---------- Data ----------

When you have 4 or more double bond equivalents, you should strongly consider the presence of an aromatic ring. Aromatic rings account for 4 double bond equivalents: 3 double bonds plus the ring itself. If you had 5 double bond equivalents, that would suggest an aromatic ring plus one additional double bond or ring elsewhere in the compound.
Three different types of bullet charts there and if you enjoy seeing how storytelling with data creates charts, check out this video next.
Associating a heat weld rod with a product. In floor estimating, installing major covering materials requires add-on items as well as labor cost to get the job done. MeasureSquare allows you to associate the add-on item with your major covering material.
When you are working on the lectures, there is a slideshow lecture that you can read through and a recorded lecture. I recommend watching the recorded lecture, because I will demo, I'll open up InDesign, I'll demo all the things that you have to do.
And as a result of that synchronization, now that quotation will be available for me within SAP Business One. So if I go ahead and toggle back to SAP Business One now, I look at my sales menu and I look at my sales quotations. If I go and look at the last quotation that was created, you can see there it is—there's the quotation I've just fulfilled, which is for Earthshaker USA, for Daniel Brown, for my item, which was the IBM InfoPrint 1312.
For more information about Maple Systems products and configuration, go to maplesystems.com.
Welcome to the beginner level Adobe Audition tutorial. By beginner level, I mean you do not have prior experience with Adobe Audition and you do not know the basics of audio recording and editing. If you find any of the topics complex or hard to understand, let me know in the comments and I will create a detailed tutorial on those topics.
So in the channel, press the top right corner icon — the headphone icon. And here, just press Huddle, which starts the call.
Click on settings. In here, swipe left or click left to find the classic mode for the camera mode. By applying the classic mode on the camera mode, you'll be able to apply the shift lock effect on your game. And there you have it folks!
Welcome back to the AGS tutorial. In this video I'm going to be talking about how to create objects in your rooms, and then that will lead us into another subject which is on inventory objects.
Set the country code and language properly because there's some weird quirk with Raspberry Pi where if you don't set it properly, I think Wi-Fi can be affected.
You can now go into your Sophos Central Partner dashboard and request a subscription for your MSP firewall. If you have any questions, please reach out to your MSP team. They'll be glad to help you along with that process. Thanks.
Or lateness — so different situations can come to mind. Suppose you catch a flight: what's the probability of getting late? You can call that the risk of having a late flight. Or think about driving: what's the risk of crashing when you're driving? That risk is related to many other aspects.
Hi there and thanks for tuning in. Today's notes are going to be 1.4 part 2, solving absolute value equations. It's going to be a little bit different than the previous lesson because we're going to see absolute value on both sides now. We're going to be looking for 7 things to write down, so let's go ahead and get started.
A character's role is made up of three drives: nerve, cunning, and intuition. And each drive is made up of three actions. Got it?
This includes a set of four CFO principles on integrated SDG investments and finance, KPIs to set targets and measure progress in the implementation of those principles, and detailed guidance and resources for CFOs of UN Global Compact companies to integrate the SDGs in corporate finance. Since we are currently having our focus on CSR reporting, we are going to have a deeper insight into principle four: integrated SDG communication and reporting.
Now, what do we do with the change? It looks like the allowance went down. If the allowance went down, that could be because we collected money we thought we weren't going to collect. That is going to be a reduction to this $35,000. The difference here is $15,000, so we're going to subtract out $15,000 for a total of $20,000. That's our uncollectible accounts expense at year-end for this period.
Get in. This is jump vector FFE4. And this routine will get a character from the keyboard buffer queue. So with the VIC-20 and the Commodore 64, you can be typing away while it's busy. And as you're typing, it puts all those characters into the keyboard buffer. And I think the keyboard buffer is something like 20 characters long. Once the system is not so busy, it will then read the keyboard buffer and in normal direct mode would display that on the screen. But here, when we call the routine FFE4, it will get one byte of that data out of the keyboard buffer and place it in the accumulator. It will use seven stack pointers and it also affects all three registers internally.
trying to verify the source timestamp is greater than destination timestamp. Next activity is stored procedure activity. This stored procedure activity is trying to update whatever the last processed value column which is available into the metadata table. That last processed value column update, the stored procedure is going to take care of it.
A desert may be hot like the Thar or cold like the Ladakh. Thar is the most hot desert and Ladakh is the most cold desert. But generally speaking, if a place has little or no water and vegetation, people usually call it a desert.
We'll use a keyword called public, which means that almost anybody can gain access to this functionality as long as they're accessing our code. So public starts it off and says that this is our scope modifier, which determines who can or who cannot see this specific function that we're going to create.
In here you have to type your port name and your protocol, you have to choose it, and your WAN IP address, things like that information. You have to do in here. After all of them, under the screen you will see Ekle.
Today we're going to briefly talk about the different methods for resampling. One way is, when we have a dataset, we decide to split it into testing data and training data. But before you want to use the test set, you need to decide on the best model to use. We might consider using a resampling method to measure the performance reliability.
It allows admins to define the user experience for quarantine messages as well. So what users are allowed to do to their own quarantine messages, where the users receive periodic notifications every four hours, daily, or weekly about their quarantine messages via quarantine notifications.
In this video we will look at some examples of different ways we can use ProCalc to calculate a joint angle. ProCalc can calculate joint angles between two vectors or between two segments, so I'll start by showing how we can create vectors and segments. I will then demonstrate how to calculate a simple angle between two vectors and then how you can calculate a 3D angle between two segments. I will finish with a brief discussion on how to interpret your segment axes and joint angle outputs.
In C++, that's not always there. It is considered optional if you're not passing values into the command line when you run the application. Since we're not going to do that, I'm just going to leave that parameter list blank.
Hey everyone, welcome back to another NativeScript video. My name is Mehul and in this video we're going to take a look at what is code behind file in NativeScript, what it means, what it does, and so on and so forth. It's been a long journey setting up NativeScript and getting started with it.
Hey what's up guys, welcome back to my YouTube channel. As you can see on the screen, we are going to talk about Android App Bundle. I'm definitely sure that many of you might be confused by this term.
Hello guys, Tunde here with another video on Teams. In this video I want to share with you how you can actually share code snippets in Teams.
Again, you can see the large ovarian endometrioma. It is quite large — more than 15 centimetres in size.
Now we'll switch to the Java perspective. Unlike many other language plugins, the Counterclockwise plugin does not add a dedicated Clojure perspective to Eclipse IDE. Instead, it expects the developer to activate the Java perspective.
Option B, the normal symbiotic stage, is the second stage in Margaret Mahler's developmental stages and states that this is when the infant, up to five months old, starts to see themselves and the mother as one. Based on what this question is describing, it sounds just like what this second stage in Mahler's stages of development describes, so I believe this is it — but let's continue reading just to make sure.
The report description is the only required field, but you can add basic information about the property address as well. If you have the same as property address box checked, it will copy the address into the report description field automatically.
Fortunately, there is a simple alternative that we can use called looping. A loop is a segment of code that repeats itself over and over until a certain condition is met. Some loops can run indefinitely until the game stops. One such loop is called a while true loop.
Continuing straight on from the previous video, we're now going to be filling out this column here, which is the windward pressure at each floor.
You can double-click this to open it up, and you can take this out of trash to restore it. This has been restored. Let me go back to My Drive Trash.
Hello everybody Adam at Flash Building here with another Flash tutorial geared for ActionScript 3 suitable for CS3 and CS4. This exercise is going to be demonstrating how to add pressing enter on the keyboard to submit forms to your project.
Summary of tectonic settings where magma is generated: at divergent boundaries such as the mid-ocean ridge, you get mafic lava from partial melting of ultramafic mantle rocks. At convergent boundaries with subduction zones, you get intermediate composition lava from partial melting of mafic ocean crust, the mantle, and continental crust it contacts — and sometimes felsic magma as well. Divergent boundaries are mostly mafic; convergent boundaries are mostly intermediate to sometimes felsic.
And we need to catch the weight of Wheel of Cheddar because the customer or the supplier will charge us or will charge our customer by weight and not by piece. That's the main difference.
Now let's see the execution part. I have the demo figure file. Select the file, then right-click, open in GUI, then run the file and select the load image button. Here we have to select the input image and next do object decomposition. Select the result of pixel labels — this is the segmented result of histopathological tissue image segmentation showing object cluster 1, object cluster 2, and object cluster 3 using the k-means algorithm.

----------

- _Task instructions_:
Set down all of the data above again, exactly.

- _Answer to the exercise_:
When you have 4 or more double bond equivalents, you should strongly consider the presence of an aromatic ring. Aromatic rings account for 4 double bond equivalents: 3 double bonds plus the ring itself. If you had 5 double bond equivalents, that would suggest an aromatic ring plus one additional double bond or ring elsewhere in the compound.
Three different types of bullet charts there and if you enjoy seeing how storytelling with data creates charts, check out this video next.
Associating a heat weld rod with a product. In floor estimating, installing major covering materials requires add-on items as well as labor cost to get the job done. MeasureSquare allows you to associate the add-on item with your major covering material.
When you are working on the lectures, there is a slideshow lecture that you can read through and a recorded lecture. I recommend watching the recorded lecture, because I will demo, I'll open up InDesign, I'll demo all the things that you have to do.
And as a result of that synchronization, now that quotation will be available for me within SAP Business One. So if I go ahead and toggle back to SAP Business One now, I look at my sales menu and I look at my sales quotations. If I go and look at the last quotation that was created, you can see there it is—there's the quotation I've just fulfilled, which is for Earthshaker USA, for Daniel Brown, for my item, which was the IBM InfoPrint 1312.
For more information about Maple Systems products and configuration, go to maplesystems.com.
Welcome to the beginner level Adobe Audition tutorial. By beginner level, I mean you do not have prior experience with Adobe Audition and you do not know the basics of audio recording and editing. If you find any of the topics complex or hard to understand, let me know in the comments and I will create a detailed tutorial on those topics.
So in the channel, press the top right corner icon — the headphone icon. And here, just press Huddle, which starts the call.
Click on settings. In here, swipe left or click left to find the classic mode for the camera mode. By applying the classic mode on the camera mode, you'll be able to apply the shift lock effect on your game. And there you have it folks!
Welcome back to the AGS tutorial. In this video I'm going to be talking about how to create objects in your rooms, and then that will lead us into another subject which is on inventory objects.
Set the country code and language properly because there's some weird quirk with Raspberry Pi where if you don't set it properly, I think Wi-Fi can be affected.
You can now go into your Sophos Central Partner dashboard and request a subscription for your MSP firewall. If you have any questions, please reach out to your MSP team. They'll be glad to help you along with that process. Thanks.
Or lateness — so different situations can come to mind. Suppose you catch a flight: what's the probability of getting late? You can call that the risk of having a late flight. Or think about driving: what's the risk of crashing when you're driving? That risk is related to many other aspects.
Hi there and thanks for tuning in. Today's notes are going to be 1.4 part 2, solving absolute value equations. It's going to be a little bit different than the previous lesson because we're going to see absolute value on both sides now. We're going to be looking for 7 things to write down, so let's go ahead and get started.
A character's role is made up of three drives: nerve, cunning, and intuition. And each drive is made up of three actions. Got it?
This includes a set of four CFO principles on integrated SDG investments and finance, KPIs to set targets and measure progress in the implementation of those principles, and detailed guidance and resources for CFOs of UN Global Compact companies to integrate the SDGs in corporate finance. Since we are currently having our focus on CSR reporting, we are going to have a deeper insight into principle four: integrated SDG communication and reporting.
Now, what do we do with the change? It looks like the allowance went down. If the allowance went down, that could be because we collected money we thought we weren't going to collect. That is going to be a reduction to this $35,000. The difference here is $15,000, so we're going to subtract out $15,000 for a total of $20,000. That's our uncollectible accounts expense at year-end for this period.
Get in. This is jump vector FFE4. And this routine will get a character from the keyboard buffer queue. So with the VIC-20 and the Commodore 64, you can be typing away while it's busy. And as you're typing, it puts all those characters into the keyboard buffer. And I think the keyboard buffer is something like 20 characters long. Once the system is not so busy, it will then read the keyboard buffer and in normal direct mode would display that on the screen. But here, when we call the routine FFE4, it will get one byte of that data out of the keyboard buffer and place it in the accumulator. It will use seven stack pointers and it also affects all three registers internally.
trying to verify the source timestamp is greater than destination timestamp. Next activity is stored procedure activity. This stored procedure activity is trying to update whatever the last processed value column which is available into the metadata table. That last processed value column update, the stored procedure is going to take care of it.
A desert may be hot like the Thar or cold like the Ladakh. Thar is the most hot desert and Ladakh is the most cold desert. But generally speaking, if a place has little or no water and vegetation, people usually call it a desert.
We'll use a keyword called public, which means that almost anybody can gain access to this functionality as long as they're accessing our code. So public starts it off and says that this is our scope modifier, which determines who can or who cannot see this specific function that we're going to create.
In here you have to type your port name and your protocol, you have to choose it, and your WAN IP address, things like that information. You have to do in here. After all of them, under the screen you will see Ekle.
Today we're going to briefly talk about the different methods for resampling. One way is, when we have a dataset, we decide to split it into testing data and training data. But before you want to use the test set, you need to decide on the best model to use. We might consider using a resampling method to measure the performance reliability.
It allows admins to define the user experience for quarantine messages as well. So what users are allowed to do to their own quarantine messages, where the users receive periodic notifications every four hours, daily, or weekly about their quarantine messages via quarantine notifications.
In this video we will look at some examples of different ways we can use ProCalc to calculate a joint angle. ProCalc can calculate joint angles between two vectors or between two segments, so I'll start by showing how we can create vectors and segments. I will then demonstrate how to calculate a simple angle between two vectors and then how you can calculate a 3D angle between two segments. I will finish with a brief discussion on how to interpret your segment axes and joint angle outputs.
In C++, that's not always there. It is considered optional if you're not passing values into the command line when you run the application. Since we're not going to do that, I'm just going to leave that parameter list blank.
Hey everyone, welcome back to another NativeScript video. My name is Mehul and in this video we're going to take a look at what is code behind file in NativeScript, what it means, what it does, and so on and so forth. It's been a long journey setting up NativeScript and getting started with it.
Hey what's up guys, welcome back to my YouTube channel. As you can see on the screen, we are going to talk about Android App Bundle. I'm definitely sure that many of you might be confused by this term.
Hello guys, Tunde here with another video on Teams. In this video I want to share with you how you can actually share code snippets in Teams.
Again, you can see the large ovarian endometrioma. It is quite large — more than 15 centimetres in size.
Now we'll switch to the Java perspective. Unlike many other language plugins, the Counterclockwise plugin does not add a dedicated Clojure perspective to Eclipse IDE. Instead, it expects the developer to activate the Java perspective.
Option B, the normal symbiotic stage, is the second stage in Margaret Mahler's developmental stages and states that this is when the infant, up to five months old, starts to see themselves and the mother as one. Based on what this question is describing, it sounds just like what this second stage in Mahler's stages of development describes, so I believe this is it — but let's continue reading just to make sure.
The report description is the only required field, but you can add basic information about the property address as well. If you have the same as property address box checked, it will copy the address into the report description field automatically.
Fortunately, there is a simple alternative that we can use called looping. A loop is a segment of code that repeats itself over and over until a certain condition is met. Some loops can run indefinitely until the game stops. One such loop is called a while true loop.
Continuing straight on from the previous video, we're now going to be filling out this column here, which is the windward pressure at each floor.
You can double-click this to open it up, and you can take this out of trash to restore it. This has been restored. Let me go back to My Drive Trash.
Hello everybody Adam at Flash Building here with another Flash tutorial geared for ActionScript 3 suitable for CS3 and CS4. This exercise is going to be demonstrating how to add pressing enter on the keyboard to submit forms to your project.
Summary of tectonic settings where magma is generated: at divergent boundaries such as the mid-ocean ridge, you get mafic lava from partial melting of ultramafic mantle rocks. At convergent boundaries with subduction zones, you get intermediate composition lava from partial melting of mafic ocean crust, the mantle, and continental crust it contacts — and sometimes felsic magma as well. Divergent boundaries are mostly mafic; convergent boundaries are mostly intermediate to sometimes felsic.
And we need to catch the weight of Wheel of Cheddar because the customer or the supplier will charge us or will charge our customer by weight and not by piece. That's the main difference.
Now let's see the execution part. I have the demo figure file. Select the file, then right-click, open in GUI, then run the file and select the load image button. Here we have to select the input image and next do object decomposition. Select the result of pixel labels — this is the segmented result of histopathological tissue image segmentation showing object cluster 1, object cluster 2, and object cluster 3 using the k-means algorithm.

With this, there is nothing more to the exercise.